*PROBLEM REQUIREMENTS*
Find the line with "Фото номера Роскошный" and the line with "JBL Authentics 300" in the entries below; output exactly those two lines, every line between them, and no others.

*SOURCE MATERIAL*
———
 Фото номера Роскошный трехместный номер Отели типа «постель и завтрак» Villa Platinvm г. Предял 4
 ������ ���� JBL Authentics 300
———
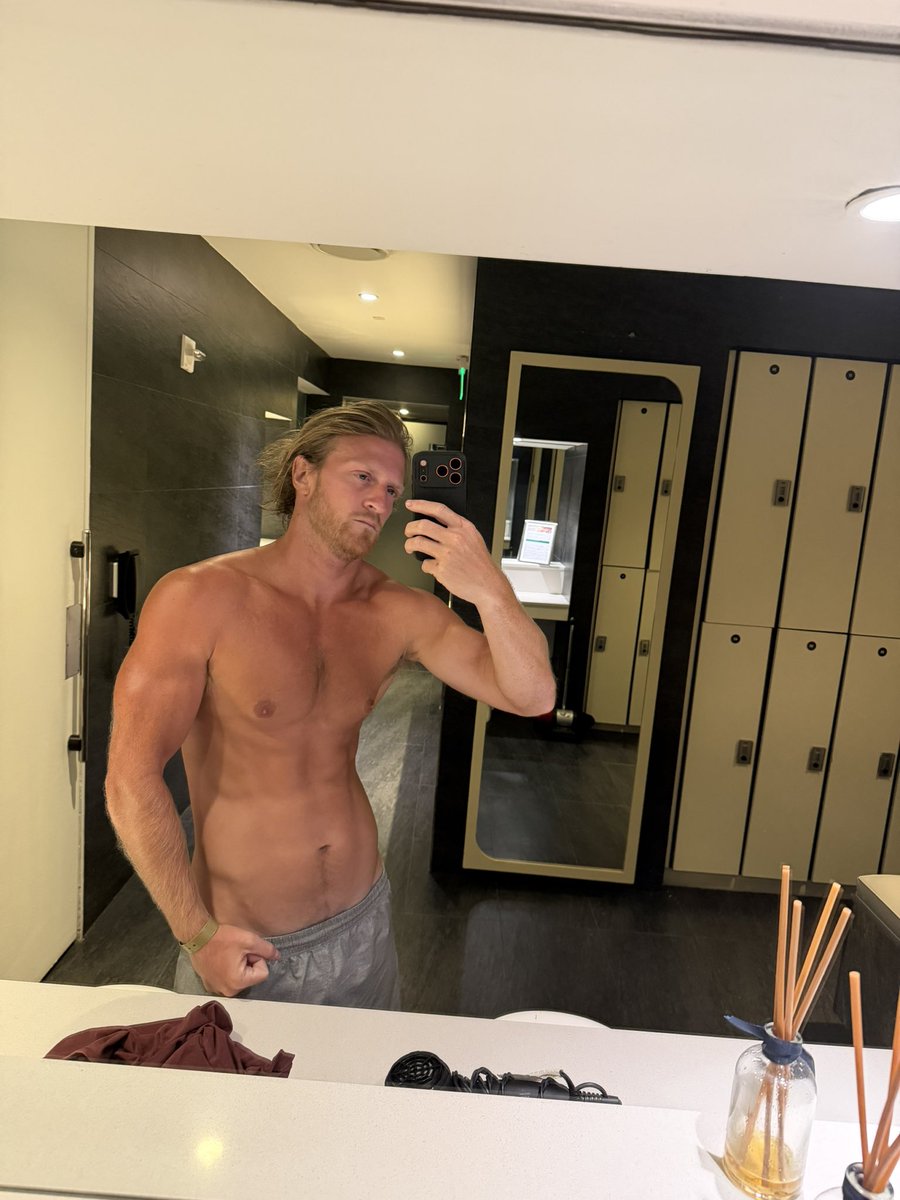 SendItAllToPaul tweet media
———
*EXERCISE OUTPUT*
 Фото номера Роскошный трехместный номер Отели типа «постель и завтрак» Villa Platinvm г. Предял 4
 ������ ���� JBL Authentics 300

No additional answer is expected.